(SUPPLIED DATA begins)

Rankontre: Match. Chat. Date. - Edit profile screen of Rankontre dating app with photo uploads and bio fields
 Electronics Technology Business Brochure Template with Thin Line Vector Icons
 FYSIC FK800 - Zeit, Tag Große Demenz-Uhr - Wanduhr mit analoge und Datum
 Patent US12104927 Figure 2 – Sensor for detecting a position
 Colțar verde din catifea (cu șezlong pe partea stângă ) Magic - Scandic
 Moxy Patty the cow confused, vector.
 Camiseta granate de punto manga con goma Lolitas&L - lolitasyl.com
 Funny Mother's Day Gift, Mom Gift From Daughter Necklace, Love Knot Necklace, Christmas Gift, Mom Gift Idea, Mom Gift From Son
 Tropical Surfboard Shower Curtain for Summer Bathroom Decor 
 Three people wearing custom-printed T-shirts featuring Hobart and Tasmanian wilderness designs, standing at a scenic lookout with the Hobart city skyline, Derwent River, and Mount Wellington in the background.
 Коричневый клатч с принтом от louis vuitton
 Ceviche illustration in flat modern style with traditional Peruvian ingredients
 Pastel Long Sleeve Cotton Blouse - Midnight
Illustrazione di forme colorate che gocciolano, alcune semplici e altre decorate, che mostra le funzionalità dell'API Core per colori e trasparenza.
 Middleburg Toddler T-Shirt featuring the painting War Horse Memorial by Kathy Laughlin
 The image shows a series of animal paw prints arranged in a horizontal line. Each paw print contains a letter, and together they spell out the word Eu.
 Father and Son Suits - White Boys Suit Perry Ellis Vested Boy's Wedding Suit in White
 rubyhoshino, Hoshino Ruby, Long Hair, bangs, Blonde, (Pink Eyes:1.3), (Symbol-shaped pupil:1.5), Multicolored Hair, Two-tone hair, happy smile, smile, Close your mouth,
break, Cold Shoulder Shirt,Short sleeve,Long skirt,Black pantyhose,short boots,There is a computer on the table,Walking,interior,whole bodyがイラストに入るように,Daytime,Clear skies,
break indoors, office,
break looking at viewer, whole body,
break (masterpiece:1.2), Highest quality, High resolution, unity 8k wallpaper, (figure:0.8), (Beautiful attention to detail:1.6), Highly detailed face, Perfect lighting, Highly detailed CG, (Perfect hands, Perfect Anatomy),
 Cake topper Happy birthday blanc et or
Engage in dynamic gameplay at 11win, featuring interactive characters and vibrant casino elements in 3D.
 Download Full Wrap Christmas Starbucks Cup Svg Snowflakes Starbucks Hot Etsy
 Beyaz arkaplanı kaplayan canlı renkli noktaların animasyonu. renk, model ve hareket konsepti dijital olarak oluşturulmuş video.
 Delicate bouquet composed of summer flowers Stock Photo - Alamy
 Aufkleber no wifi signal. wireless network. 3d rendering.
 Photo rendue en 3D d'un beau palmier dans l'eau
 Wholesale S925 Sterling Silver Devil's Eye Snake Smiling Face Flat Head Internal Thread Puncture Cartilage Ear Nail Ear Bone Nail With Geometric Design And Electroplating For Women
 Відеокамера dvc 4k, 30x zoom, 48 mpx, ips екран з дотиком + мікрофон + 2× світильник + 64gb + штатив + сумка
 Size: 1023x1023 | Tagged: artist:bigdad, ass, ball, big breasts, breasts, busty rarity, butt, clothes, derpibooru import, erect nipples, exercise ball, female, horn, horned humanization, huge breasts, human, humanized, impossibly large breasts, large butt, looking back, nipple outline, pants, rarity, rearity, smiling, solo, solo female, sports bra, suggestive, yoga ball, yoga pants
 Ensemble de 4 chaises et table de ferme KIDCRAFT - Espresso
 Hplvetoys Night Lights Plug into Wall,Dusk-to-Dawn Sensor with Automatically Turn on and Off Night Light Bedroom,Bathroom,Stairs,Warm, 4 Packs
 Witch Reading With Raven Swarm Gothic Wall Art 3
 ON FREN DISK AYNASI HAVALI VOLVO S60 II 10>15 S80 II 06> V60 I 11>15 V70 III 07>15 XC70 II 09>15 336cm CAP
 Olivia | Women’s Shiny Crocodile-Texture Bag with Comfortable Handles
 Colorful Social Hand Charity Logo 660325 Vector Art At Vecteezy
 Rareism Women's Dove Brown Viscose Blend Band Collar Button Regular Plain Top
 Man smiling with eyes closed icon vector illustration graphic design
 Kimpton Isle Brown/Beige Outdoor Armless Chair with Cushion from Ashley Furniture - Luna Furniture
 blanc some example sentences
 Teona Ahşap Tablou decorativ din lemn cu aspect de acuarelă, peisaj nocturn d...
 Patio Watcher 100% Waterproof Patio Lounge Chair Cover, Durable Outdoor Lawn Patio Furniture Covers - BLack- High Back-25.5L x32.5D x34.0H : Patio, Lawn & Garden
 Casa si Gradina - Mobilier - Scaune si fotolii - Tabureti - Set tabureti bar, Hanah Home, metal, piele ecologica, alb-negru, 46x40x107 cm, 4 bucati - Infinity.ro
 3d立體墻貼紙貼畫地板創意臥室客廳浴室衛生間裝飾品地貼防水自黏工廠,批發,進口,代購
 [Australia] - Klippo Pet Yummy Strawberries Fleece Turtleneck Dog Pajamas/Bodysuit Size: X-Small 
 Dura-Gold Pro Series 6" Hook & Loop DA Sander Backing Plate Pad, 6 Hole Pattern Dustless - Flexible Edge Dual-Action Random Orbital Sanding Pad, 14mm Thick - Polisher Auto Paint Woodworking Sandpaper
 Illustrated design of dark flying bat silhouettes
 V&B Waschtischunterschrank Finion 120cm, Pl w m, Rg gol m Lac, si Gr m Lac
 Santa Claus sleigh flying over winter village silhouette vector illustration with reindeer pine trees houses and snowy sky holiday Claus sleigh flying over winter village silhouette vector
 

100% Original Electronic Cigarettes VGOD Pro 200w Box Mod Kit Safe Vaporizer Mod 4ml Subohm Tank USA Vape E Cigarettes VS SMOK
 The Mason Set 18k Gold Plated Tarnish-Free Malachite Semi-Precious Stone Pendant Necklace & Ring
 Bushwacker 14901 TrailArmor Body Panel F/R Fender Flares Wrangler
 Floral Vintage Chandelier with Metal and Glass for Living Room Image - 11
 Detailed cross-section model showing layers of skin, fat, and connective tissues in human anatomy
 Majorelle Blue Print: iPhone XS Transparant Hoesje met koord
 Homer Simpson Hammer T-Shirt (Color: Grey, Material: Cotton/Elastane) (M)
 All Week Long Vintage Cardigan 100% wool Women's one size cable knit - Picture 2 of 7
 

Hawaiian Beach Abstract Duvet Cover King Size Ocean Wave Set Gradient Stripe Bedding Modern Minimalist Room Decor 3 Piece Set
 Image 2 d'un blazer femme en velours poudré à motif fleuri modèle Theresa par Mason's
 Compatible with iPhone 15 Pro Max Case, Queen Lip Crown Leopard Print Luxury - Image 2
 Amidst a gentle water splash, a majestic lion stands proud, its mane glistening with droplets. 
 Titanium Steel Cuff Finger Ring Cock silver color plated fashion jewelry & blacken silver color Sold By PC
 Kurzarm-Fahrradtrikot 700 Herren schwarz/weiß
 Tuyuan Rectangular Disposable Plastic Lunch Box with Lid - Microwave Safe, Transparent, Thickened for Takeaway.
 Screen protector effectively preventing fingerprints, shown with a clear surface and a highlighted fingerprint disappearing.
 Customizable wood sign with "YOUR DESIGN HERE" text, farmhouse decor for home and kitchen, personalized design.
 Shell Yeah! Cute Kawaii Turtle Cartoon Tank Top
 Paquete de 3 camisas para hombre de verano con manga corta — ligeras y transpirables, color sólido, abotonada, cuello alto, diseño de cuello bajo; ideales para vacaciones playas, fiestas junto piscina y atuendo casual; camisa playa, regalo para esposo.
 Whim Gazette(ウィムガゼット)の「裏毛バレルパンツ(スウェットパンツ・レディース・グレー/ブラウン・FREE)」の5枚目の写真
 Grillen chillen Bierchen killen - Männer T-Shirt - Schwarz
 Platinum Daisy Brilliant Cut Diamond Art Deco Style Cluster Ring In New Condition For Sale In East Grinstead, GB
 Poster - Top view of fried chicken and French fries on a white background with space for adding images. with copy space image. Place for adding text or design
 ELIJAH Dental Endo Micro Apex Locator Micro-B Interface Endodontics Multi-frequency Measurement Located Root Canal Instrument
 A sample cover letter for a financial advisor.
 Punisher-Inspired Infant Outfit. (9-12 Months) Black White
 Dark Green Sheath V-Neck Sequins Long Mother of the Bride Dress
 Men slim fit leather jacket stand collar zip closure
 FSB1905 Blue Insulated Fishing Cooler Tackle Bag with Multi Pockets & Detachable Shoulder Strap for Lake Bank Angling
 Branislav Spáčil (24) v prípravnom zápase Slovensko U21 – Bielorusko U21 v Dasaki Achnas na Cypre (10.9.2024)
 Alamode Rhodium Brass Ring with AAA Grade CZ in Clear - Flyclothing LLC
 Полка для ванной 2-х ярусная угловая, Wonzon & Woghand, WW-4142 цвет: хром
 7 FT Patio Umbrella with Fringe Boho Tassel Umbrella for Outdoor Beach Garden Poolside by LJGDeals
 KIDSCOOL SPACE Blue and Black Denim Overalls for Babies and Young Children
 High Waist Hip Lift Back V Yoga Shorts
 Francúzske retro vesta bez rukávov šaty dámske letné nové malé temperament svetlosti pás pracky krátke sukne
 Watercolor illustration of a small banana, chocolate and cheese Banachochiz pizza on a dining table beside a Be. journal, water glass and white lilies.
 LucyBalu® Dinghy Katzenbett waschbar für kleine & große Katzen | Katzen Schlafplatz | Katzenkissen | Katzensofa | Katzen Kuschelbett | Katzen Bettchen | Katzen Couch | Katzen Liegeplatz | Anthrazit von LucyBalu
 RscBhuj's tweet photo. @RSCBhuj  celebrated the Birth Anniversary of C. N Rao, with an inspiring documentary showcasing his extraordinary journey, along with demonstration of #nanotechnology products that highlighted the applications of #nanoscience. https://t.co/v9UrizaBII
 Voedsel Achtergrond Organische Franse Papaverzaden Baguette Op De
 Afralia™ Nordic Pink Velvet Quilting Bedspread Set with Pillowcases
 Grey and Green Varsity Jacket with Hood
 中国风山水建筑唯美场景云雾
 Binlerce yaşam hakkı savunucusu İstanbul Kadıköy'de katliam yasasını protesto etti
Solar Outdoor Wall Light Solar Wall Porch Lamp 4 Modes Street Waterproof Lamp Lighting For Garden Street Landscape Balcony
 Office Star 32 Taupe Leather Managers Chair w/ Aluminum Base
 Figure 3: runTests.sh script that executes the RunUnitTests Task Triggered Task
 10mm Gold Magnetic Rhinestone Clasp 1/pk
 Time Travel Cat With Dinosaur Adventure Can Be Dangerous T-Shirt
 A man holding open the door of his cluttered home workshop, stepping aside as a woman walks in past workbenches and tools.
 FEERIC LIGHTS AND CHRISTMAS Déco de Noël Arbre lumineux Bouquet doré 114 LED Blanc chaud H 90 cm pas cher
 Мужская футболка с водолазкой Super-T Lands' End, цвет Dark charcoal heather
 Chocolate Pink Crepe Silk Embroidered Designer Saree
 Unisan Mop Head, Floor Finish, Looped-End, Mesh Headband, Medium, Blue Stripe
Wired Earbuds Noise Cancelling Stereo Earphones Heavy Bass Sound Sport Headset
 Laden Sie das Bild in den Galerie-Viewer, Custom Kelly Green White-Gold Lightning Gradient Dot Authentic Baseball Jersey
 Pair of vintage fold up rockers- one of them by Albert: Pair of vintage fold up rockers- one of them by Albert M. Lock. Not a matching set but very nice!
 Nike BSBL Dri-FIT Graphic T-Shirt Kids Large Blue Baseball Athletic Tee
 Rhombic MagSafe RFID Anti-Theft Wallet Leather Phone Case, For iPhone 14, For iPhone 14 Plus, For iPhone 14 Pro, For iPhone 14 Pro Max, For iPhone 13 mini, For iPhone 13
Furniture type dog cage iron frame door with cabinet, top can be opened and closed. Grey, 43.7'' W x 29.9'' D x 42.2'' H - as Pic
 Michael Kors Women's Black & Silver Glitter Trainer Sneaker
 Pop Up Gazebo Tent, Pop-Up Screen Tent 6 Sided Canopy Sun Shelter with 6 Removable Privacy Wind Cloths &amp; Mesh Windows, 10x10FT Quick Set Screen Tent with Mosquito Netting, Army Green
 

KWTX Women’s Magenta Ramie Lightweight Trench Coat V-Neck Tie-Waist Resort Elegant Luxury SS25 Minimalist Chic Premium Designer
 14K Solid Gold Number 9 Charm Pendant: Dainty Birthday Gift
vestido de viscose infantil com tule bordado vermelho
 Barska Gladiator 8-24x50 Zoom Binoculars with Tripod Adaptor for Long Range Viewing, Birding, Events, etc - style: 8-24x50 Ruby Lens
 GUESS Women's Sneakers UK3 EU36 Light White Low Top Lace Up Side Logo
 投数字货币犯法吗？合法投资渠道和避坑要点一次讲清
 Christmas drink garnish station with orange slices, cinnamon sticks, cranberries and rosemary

(SUPPLIED DATA ends)

Filter the lines above so that only those with the string "Gradient" remain, then copy them.

» RESULT:
Hawaiian Beach Abstract Duvet Cover King Size Ocean Wave Set Gradient Stripe Bedding Modern Minimalist Room Decor 3 Piece Set
 Laden Sie das Bild in den Galerie-Viewer, Custom Kelly Green White-Gold Lightning Gradient Dot Authentic Baseball Jersey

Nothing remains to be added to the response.